Tintoretto’s Abduction of the Body of St. Mark / Kid Jesus the Hellraiser (Thomas Pynchon)

One day, strolling in the Piazzetta, Hunter motioned her under the arcade and into the Library, and pointed up at Tintoretto’s Abduction of the Body of St. Mark. She gazed for some time. “Well, if that ain’t the spookiest damned thing,” she whispered at last. “What’s going on?” she gestured nervously into those old Alexandrian shadows, where ghostly witnesses, up far too late, forever fled indoors before an unholy offense.

“It’s as if these Venetian painters saw things we can’t see anymore,” Hunter said. “A world of presences. Phantoms. History kept sweeping through, Napoleon, the Austrians, a hundred forms of bourgeois literalism, leading to its ultimate embodiment, the tourist—how beleaguered they must have felt. But stay in this town awhile, keep your senses open, reject nothing, and now and then you’ll see them.”

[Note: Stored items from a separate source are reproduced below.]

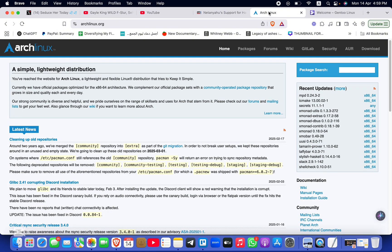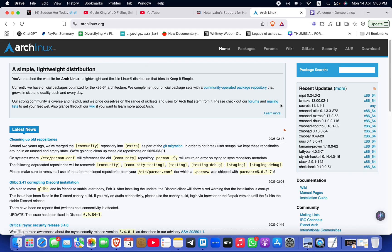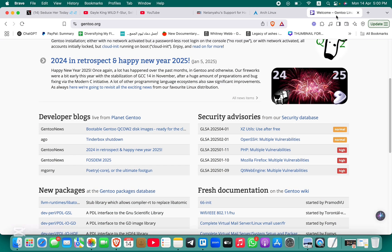In terms of maintenance, Arch offers a balance between customization and ease of maintenance with pre-compiled binaries, whereas Gentoo requires more hands-on management.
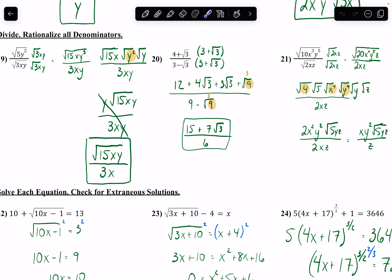Number 21 is similar — multiply the top and bottom by radical 2xz. On the bottom I get 2xz. On the top: 20 by multiplying the numbers, x to the 4th, y to the 5th, and an extra z. I split 20 into radical 4 and radical 5 — radical 4 turns into a 2, and 5 stays under. x to the 4th is x squared. Split y to the 5th into y to the 4th and y — that gives y squared and y — and z stays underneath. Then the 2's cancel: one of the 2's on top cancels with the bottom, leaving x, y squared, radical 5yz, with z by itself on the bottom.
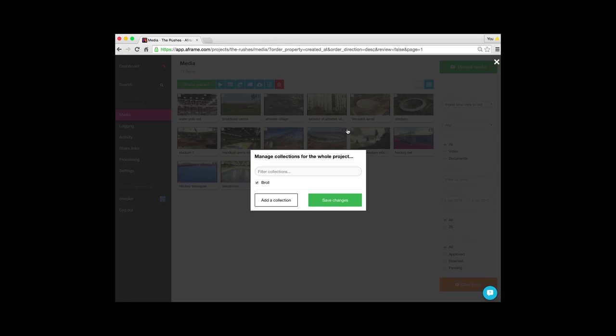And that's it, that's that collection created. You don't need to click on save changes as save changes would add any media that you have selected to that particular project. As I didn't select any media, A-Frame will think that I want all of the media within the project.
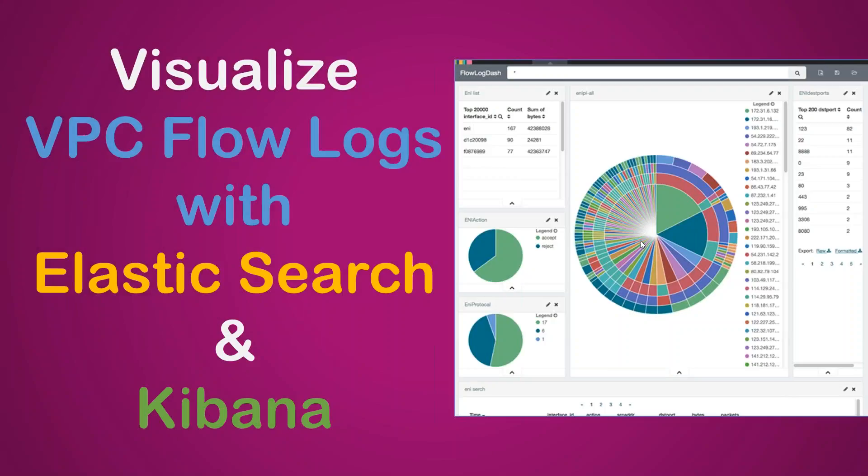Hello folks. In today's video, we are going to see how we can process our VPC flow logs and create nice visualization, as you can see on the screen, using Elasticsearch cluster service and Kibana as your visualization mechanism.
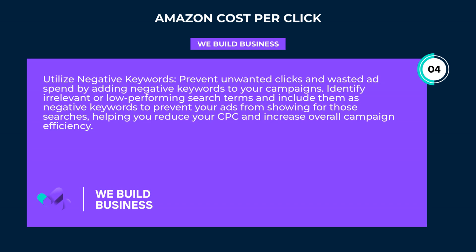Utilize negative keywords. Prevent unwanted clicks and wasted ad spend by adding negative keywords to your campaigns. Identify irrelevant or low-performing search terms and include them as negative keywords to prevent your ads from showing for those searches, helping you reduce your CPC and increase overall campaign efficiency.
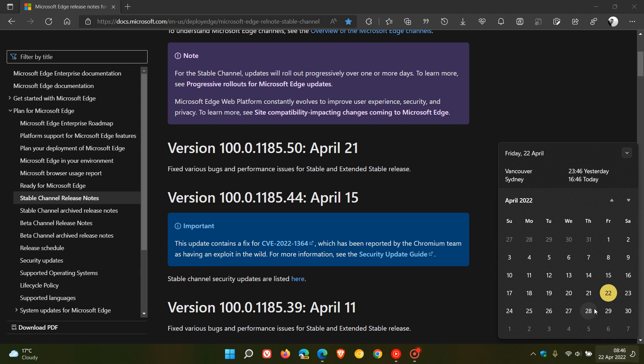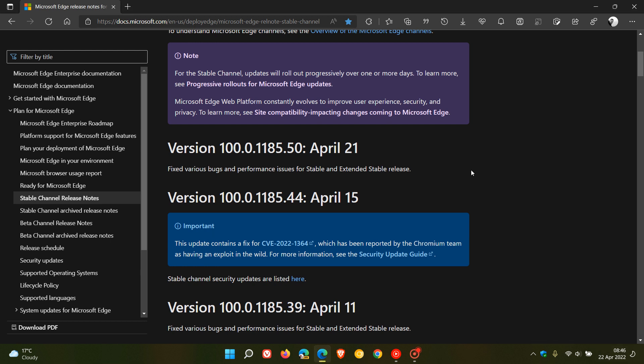That is scheduled to start rolling out on the 28th of April, so that means we could expect that to roll out on the Thursday or the Friday next week, the 28th or the 29th, which will then bump up that latest stable version to version 101.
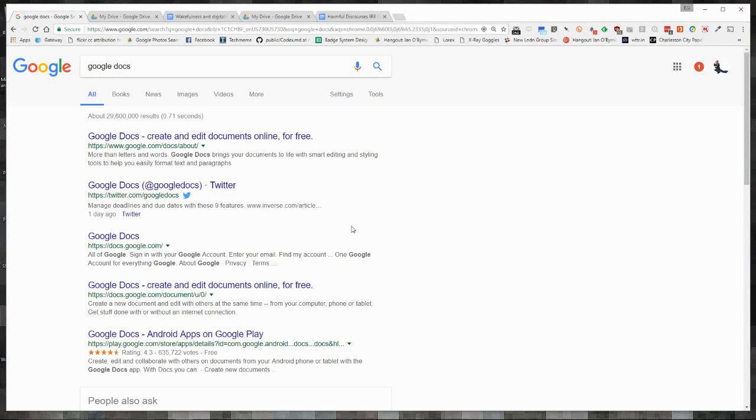Hey everybody, this is Ian O'Byrne. We're taking a look at one of the tools that I use all the time for writing and publishing and collaborating with others, and that's Google Docs.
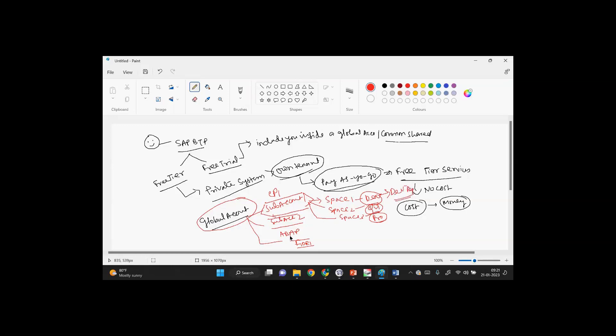This is basically the process of any SAP BTP global account. A global account would be having multiple sub-accounts. One sub-account would be having multiple spaces. In each and every space, you can deploy different applications in different versions. So here, as I said, the tenant is nothing but the private system - the global account that's been assigned to you. That is basically your own tenant.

A few days later, at the Accademia, as if continuing the thought, he said, “The body, it’s another way to get past the body.”

“To the spirit behind it—” “But not to deny the body—to reimagine it. Even”—nodding over at the Titian on the far wall—“if it’s ‘really’ just different kinds of greased mud smeared on cloth—to reimagine it as light.”

“More perfect.”

“Not necessarily. Sometimes more terrible—mortal, in pain, misshapen, even taken apart, broken down into geometrical surfaces, but each time somehow, when the process is working, gone beyond. . . .”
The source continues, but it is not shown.